13 août 2009·Italiano·Tessin·Tribunale cantonale delle assicurazioni·HTML·3,031 mots·~15 min·4

Résumé

Nuova domanda di prestazioni. Modifica rilevante non ammessa

Texte intégral

Raccomandata

Incarto n. 32.2009.42   LR

Lugano 13 agosto 2009  

In nome della Repubblica e Cantone Ticino  

Il vicepresidente del Tribunale cantonale delle assicurazioni

Giudice Raffaele Guffi

con redattrice:

Laura Rossi, giurista  

segretario:

Fabio Zocchetti

statuendo sul ricorso del 12 febbraio 2009 di

 RI 1   rappr. da:  RA 1    

contro  

la decisione del 14 gennaio 2009 emanata da

Ufficio assicurazione invalidità, 6501 Bellinzona     in materia di assicurazione federale per l'invalidità

ritenuto                            in fatto

1.1.    RI 1, classe 1949, da ultimo attivo quale autista indipendente di torpedoni, il 26 febbraio 1998 ha presentato una domanda di prestazioni AI per adulti in quanto affetto da problemi lombari (doc. AI 1/1-5).
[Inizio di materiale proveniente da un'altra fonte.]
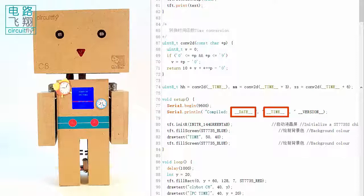When this sketch uploads to Arduino, the compile date and time will be printed on the serial monitor.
                                         Esperiti i necessari accertamenti medici e economici, tra cui due perizie (una cardiologica e una reumatologica), con decisione 1° marzo 2005 l’Ufficio AI ha respinto la domanda, dal raffronto dei redditi essendo emerso che l’assicurato, inabile al lavoro al 66.6% nella precedente professione di autista indipendente ma pienamente abile in attività leggere adeguate, presenta un grado di invalidità del 24% non pensionabile (doc. AI 77/1-3).

                                         L’amministrazione con decisione 1° marzo 2005 ha inoltre accordato all’assicurato consulenza e sostegno nella ricerca di un impiego per la durata massima di 3 mesi (doc. AI 80/6). L’assicurato ha rinunciato a tale servizio di collocamento (doc. AI 82).

1.2.    La succitata decisione è stata confermata con decisione su opposizione 2 febbraio 2006, dal TCA mediante pronuncia 26 febbraio 2007 (cfr. inc. no. 32.2006.55, doc. AI 113/1-31) e in seguito dal Tribunale federale con sentenza 9 aprile 2008 (cfr. inc. no. 9C_112/2007, doc. AI 117/1-5).

           Il 23 settembre 2008 l’assicurato, rappresentato dal consu-lente RA 1, ha inoltrato una nuova domanda di prestazioni AI per adulti (integrazione professionale/rendita) adducendo un peggioramento delle condizioni di salute. A sostegno della propria richiesta l’assicurato ha prodotto i referti 26 marzo 2008 e 28 marzo 2008 relativi agli esami radiologici eseguiti dal dr. __________, FMH in radiologia.

1.3.    Dopo aver sottoposto la documentazione prodotta al medico AI, con decisione 14 gennaio 2009, preavvisata il 19 novem-bre 2008, l’Ufficio AI non è entrato nel merito della domanda, adducendo:

"  (…)

Con decisione del 01.03.2005, confermata con decisione su opposizione datata 02.02.2006, sentenza del Tribunale cantonale delle assicurazioni 26.02.2007 e del Tribunale federale del 09.04.2008 avevano respinto la sua precedente richiesta di prestazioni.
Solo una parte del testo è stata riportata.